The input =>
*** Begin section ***

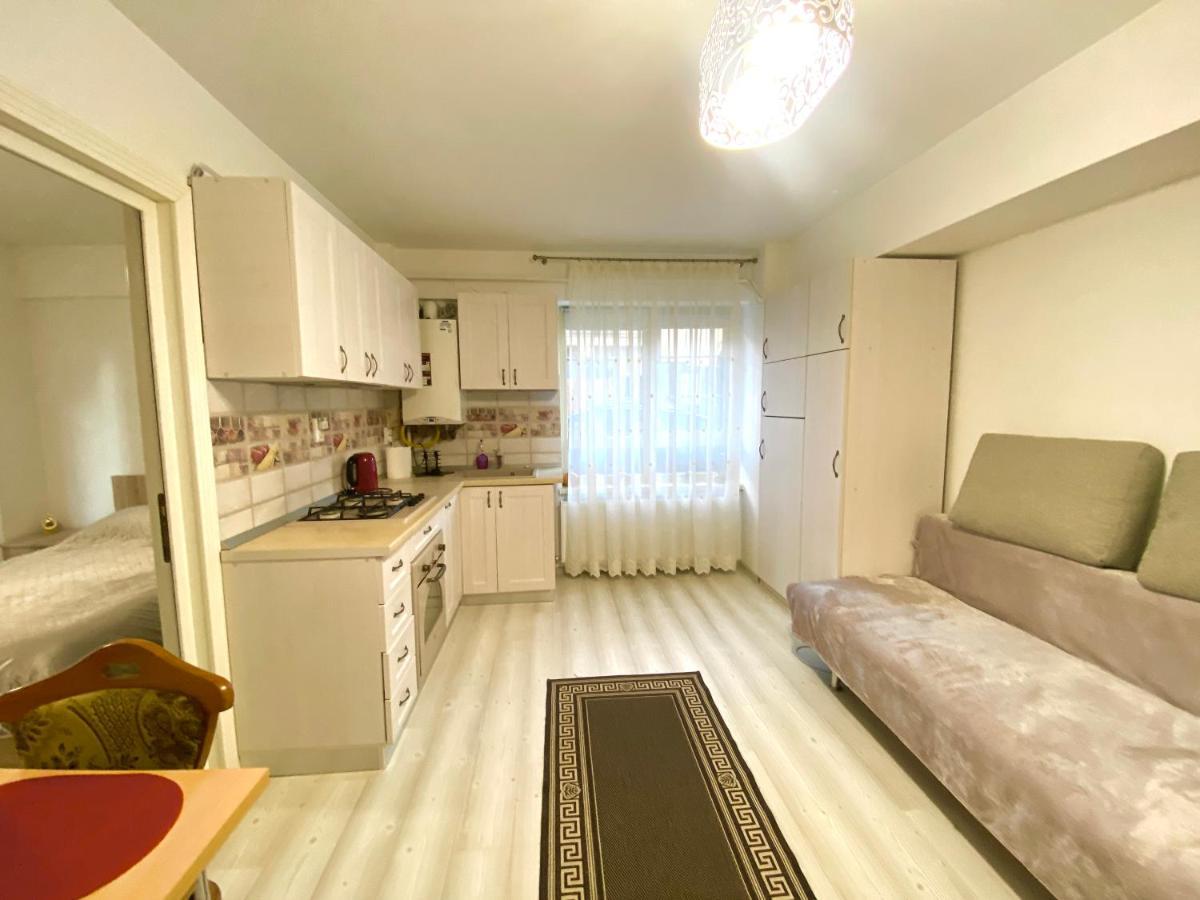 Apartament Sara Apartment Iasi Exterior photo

*** End section ***
*** Begin section ***

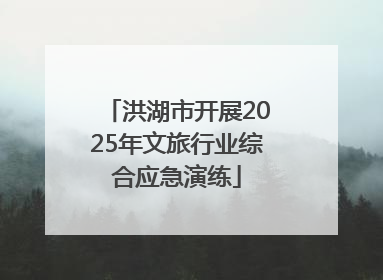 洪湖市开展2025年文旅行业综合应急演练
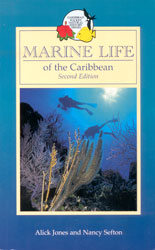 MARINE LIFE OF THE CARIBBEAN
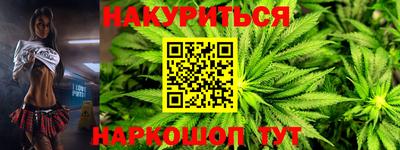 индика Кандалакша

*** End section ***

The problem => Only one part of the material above is wanted: the lines from the one with "MARINE LIFE OF THE CARIBBEAN" up to and including the one with "индика Кандалакша". Please copy them exactly, pictures left out.

Exercise result =>
 MARINE LIFE OF THE CARIBBEAN
 индика Кандалакша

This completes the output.